21. JURISDICTION/DISPUTES

This Agreement shall be governed in accordance with laws of the State of California. All disputes under this Agreement shall be resolved by litigation in the courts of California and the Parties all consent to the jurisdiction of such courts, agree to accept service of process by mail, and hereby waive any jurisdictional or venue defenses otherwise available to it. Venue for any litigation arising out of this Agreement shall be in San Francisco, California.

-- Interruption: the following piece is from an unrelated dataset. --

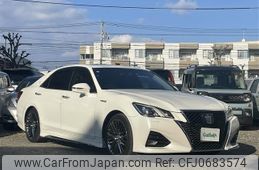 toyota crown 2015 -TOYOTA--Crown DAA-AWS210--AWS210-6098711---TOYOTA--Crown DAA-AWS210--AWS210-6098711-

22. AGREEMENT BINDING ON SUCCESSORS

The provisions of this Agreement shall be binding upon and shall inure to the benefit of the parties hereto, their heirs, administrators, and successors.

23. ASSIGNABILITY

Neither party may assign this Agreement or the rights and obligations hereunder to any third party without the prior express written approval of the other party which shall not be unreasonably withheld.

24. WAIVER

No waiver by either party of any default shall be deemed as a waiver of prior or subsequent default of the same of other provisions of this Agreement.

25. SEVERABILITY

If any term, clause or provision hereof is held invalid or unenforceable by a court of competent jurisdiction, such invalidity shall not affect the validity or operation of any other term, clause or provision and such invalid term, clause or provision shall be deemed to be severed from this Agreement.

26. INTEGRATION

This Agreement constitutes the entire understanding of the parties, and revokes and supersedes all prior agreements between the parties and is intended as a final expression of their Agreement. It shall not be modified or amended except in writing signed by the parties hereto and specifically referring to this Agreement. This Agreement shall take precedence over any other documents which may conflict with this Agreement.

27. ATTORNEY’S FEES

In the event any Party shall commence any claims, suits, or formal legal action to interpret and/or enforce the terms and conditions of this Agreement, or relating in any way to this Agreement, including without limitation asserted breaches of representations and warranties, the prevailing party in any such action or proceeding shall be entitled to recover, in addition to all other available relief, its reasonable attorney’s fees and costs incurred in connection therewith, including attorney’s fees incurred on appeal.

28. DISCLAIMER

Other than those set forth herein, the parties make no other warranties or representations including warranties of merchantability or fitness for a particular purpose. Neither party represents the other, and both parties have had an opportunity to seek legal counsel of their choice.

29. BINDING AGREEMENT

The parties acknowledge the legally binding nature of this Agreement. By clicking on the “Sign Up Now!” button on the following web pages: http://www.daddybuxxx.com, http://www.daddybuxxx.com/signup.html or http://www.daddybuxxx.com/program.html you are affirmatively stating that you have read and understand the terms set forth herein and that you agree to be bound by the terms hereof. You hereby adopt the /s/ mark appearing on the signature line below, as your electronic signature on this document.

30. ELECTRONIC SIGNATURES

This Agreement is intended to be governed by the Electronic Signatures Act (E-SIGN Act”). By submitting the “Registration Form,” Affiliate thereby affixes his or her electronic signature to this Agreement, and thereby manifests assent to all terms contained herein.

IN WITNESS WHEREOF, the Parties hereto, intending to be legally bound hereby, have each signed this document electronically pursuant to the E-SIGN Act.